La caisse sociale de l’Institut Béthanie à laquelle chaque prof contribue à raison de 1$, ainsi que le geste de reconnaissance des finalistes à la rentrée scolaire sont très appréciés par l’aumônerie scolaire. En toute humilité, le préfet des études de l’IEM Virunga a partagé leur expérience d’adhésion à l’idée d’aumônerie. Très réfractaire au début, l’Institut d’Enseignement Médical Virunga a fini par réaliser la nécessité de ce service. L’aumônier travaille dans un beau bureau actuellement et reçoit un appui considérable de la direction de l’école.

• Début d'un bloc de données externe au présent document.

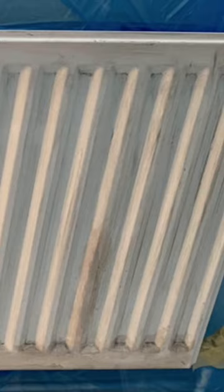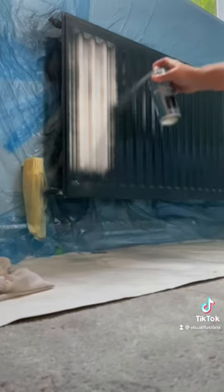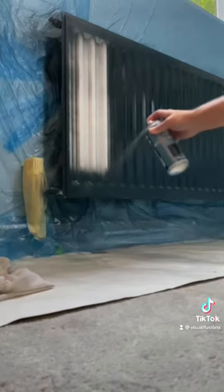The radiator had a few rust spots, so I cured that with some rust sealant. Now it's important you use the correct paint for this. If you're watching on TikTok, underneath my profile picture there is a link.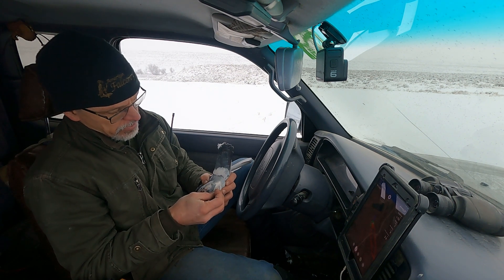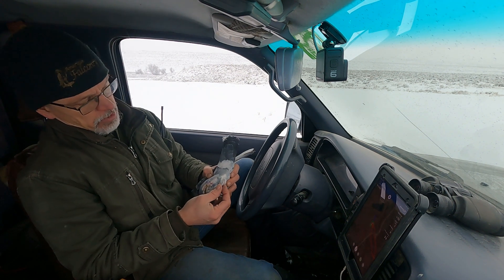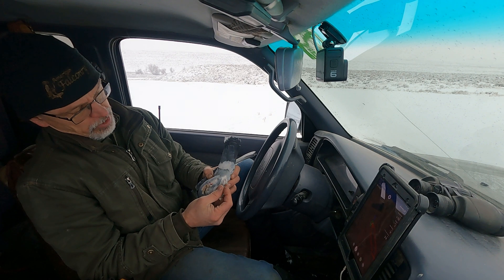This one here — let's see — this is '19. So this pigeon is going on five years old.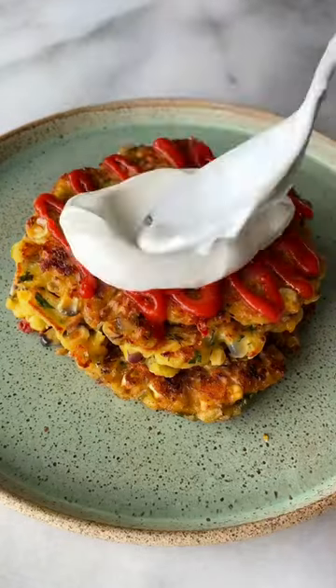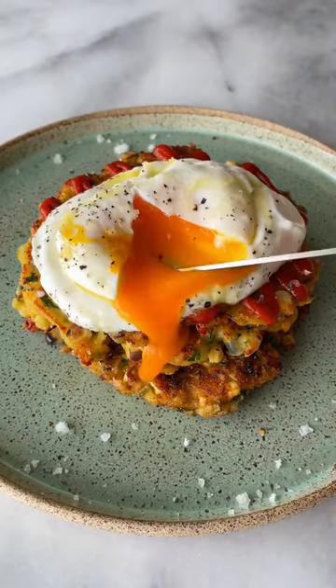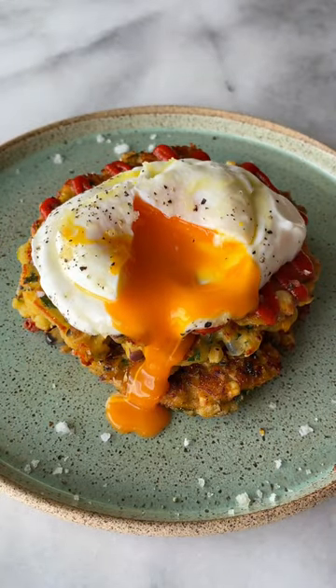I like to serve these with a drizzle of hot sauce, a dollop of yogurt or sour cream, and a poached egg on top. It's just perfect.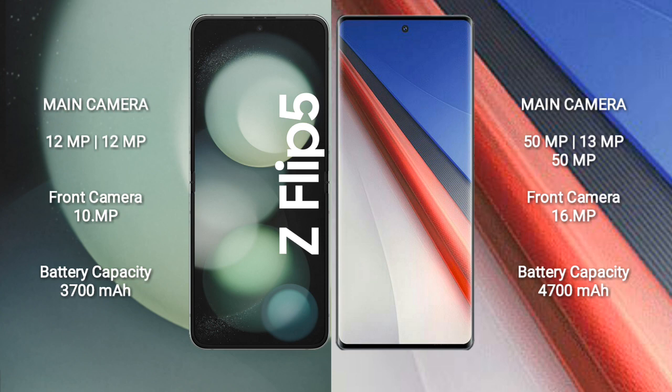Samsung Galaxy Z Flip 5 has a rear dual-camera setup with 12MP plus 12MP, and a 10MP front camera. Vivo IQ 11 Pro has a rear triple-camera setup with 50MP plus 13MP plus 12MP, and a 16MP front camera.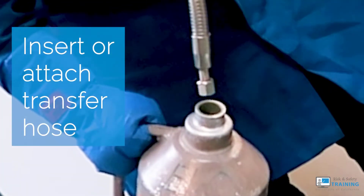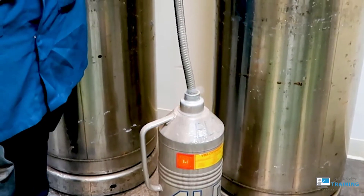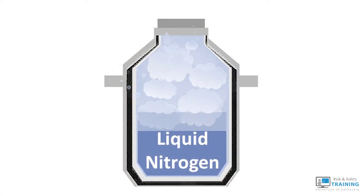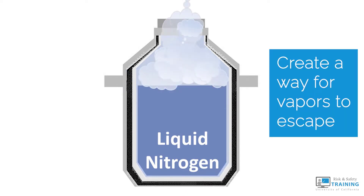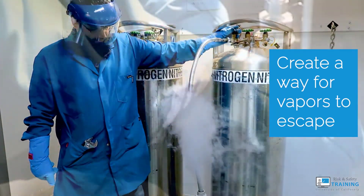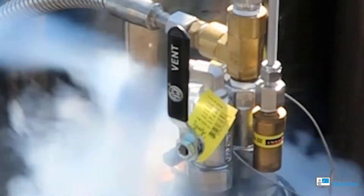Begin by inserting your transfer line into your container. Vapor builds up within all containers you fill, but the problem is that the same space inside gets filled with liquid, so make sure you create a way for the vapors to escape. In an open-mouthed container, vapors can escape around the mouth. In a closed-mouthed container, you'll need to turn the pressure relief vent to release the pressure.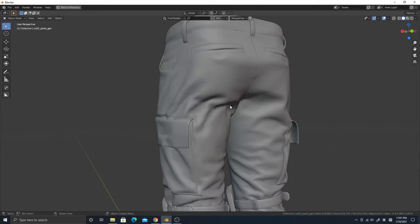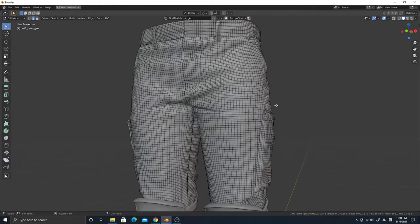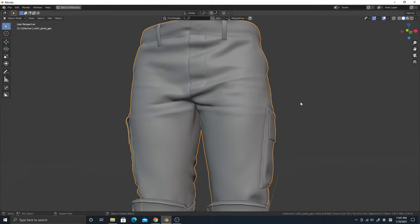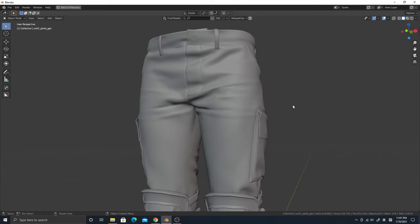Let's say you got a nice shape of pants from Marvelous Designer and you like it, but unfortunately it's just too heavy. To reduce this, you can decimate — well, not really, because it will kill everything.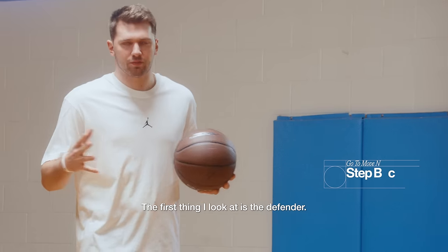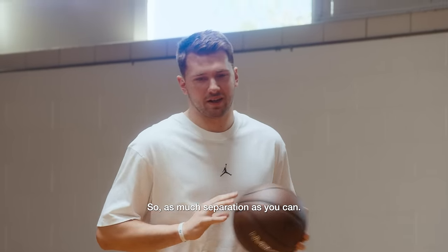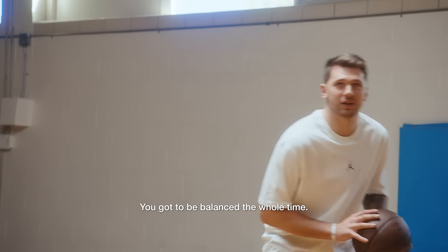So my step back — the first thing I look at is the defender, how he's standing, so get as much separation as you can. The most important part in the whole move is the balance. You've got to be balanced the whole time.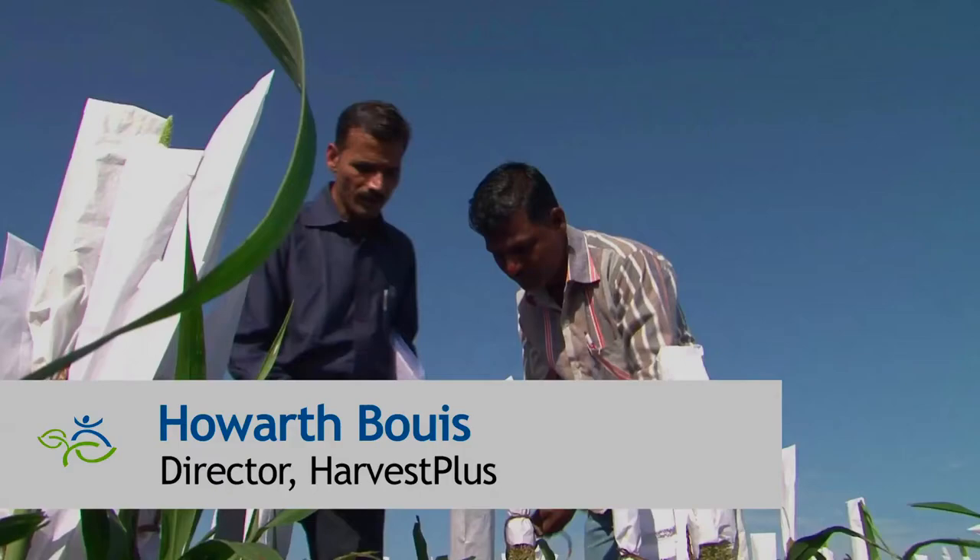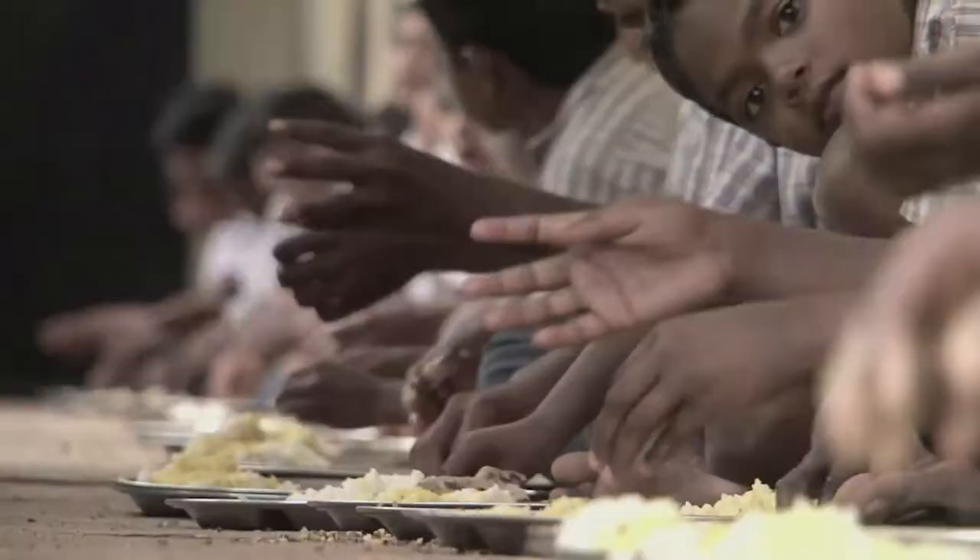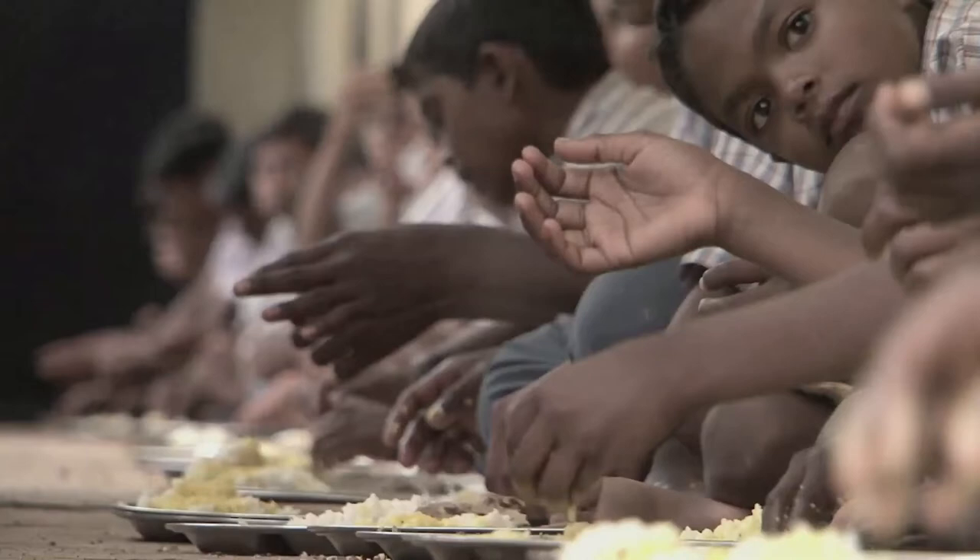The basic idea is to get the plants to do the work of translocating the minerals from the soil into the plants and into the edible parts of plants. It's a very efficient way of improving the diets of the poor. They already eat large amounts of food staples day in and day out.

L’institut Himbi, le dernier, a évoqué les expériences suivantes : le financement de l’aumônerie grâce à l’impression du logo sur les uniformes des élèves, l’assistance aux vulnérables grâce aux amis, l’apport du préfet à l’identification des amis qui peuvent contribuer à la construction de la grande salle de l’aumônerie; l’organisation de l’activité spirituelle du corps professoral parallèle au culte scolaire des élèves, l’implication de l’aumônier pendant les examens grâce à de brefs messages avec lesquels elle encourage les élèves à l’intégrité intellectuelle dans des tours de classes, la promotion de l’intégrité morale à l’école, le développement de la vision missionnaire, l’encadrement du groupe des orphelins, l’encouragement reçu de la part des visiteurs qui ont évoqué l’originalité de la nouvelle approche de l’aumônerie.

Le dernier temps (mais pas le moindre !) du forum a été dominé par une consultation sur une dizaine de questions de la vie de l’aumônerie scolaire sous la modération de l’officiant du jour, Rév. Jonas Musamba, Evangéliste Communautaire. L’un des points à l’ordre du jour s’avère être le renforcement des capacités des aumôniers.  Il y a urgence. Seule une formation solide permettra à l’aumônerie de s’aligner sur la vision de transformation de la CBCA et des signataires de la convention scolaire.